(EXTRACTED DATA)

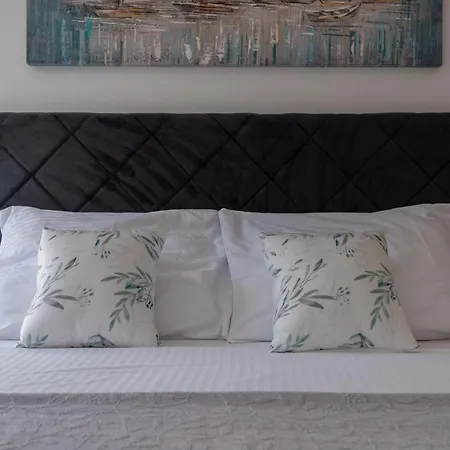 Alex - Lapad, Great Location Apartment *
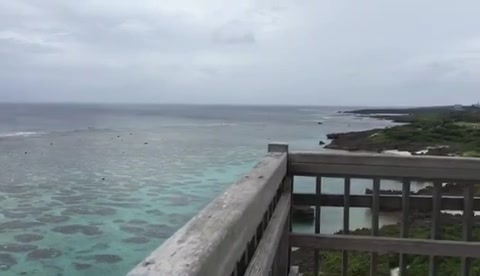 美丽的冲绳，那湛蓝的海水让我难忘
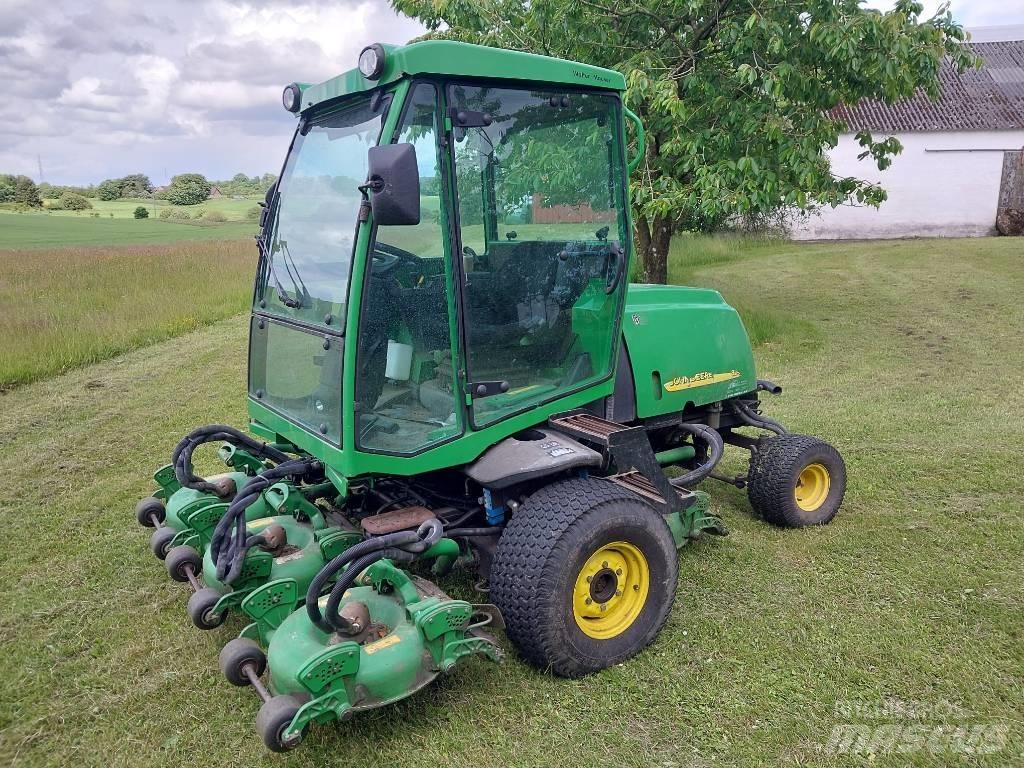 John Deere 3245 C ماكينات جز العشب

(End EXTRACTED DATA)
(EXTRACTED DATA)

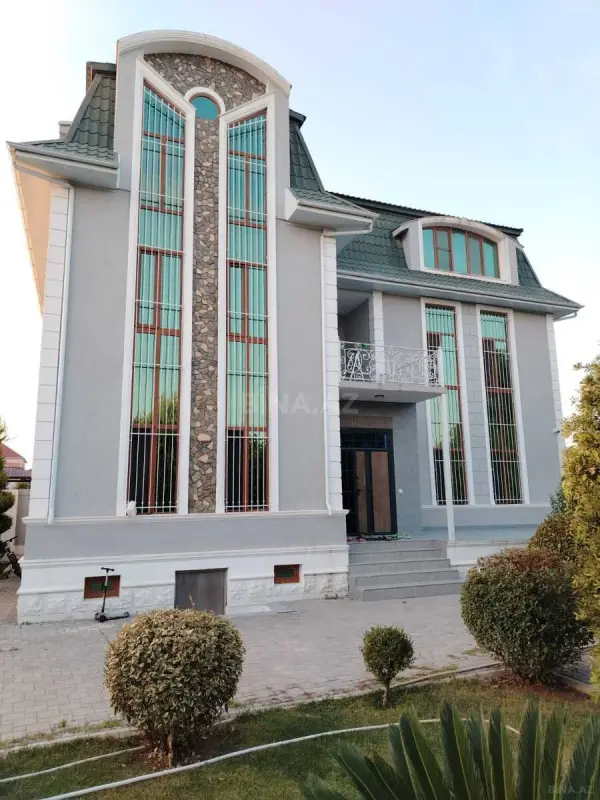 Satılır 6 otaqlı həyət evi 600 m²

(End EXTRACTED DATA)

TASK DESCRIPTION: All lines above from the one containing "Alex - Lapad, Great Location Apartment *" up to and including the one containing "John Deere 3245 C ماكينات جز العشب" are to be set down exactly, and nothing else. Leave images out.

FINISHED TASK:
 Alex - Lapad, Great Location Apartment *
 美丽的冲绳，那湛蓝的海水让我难忘
 John Deere 3245 C ماكينات جز العشب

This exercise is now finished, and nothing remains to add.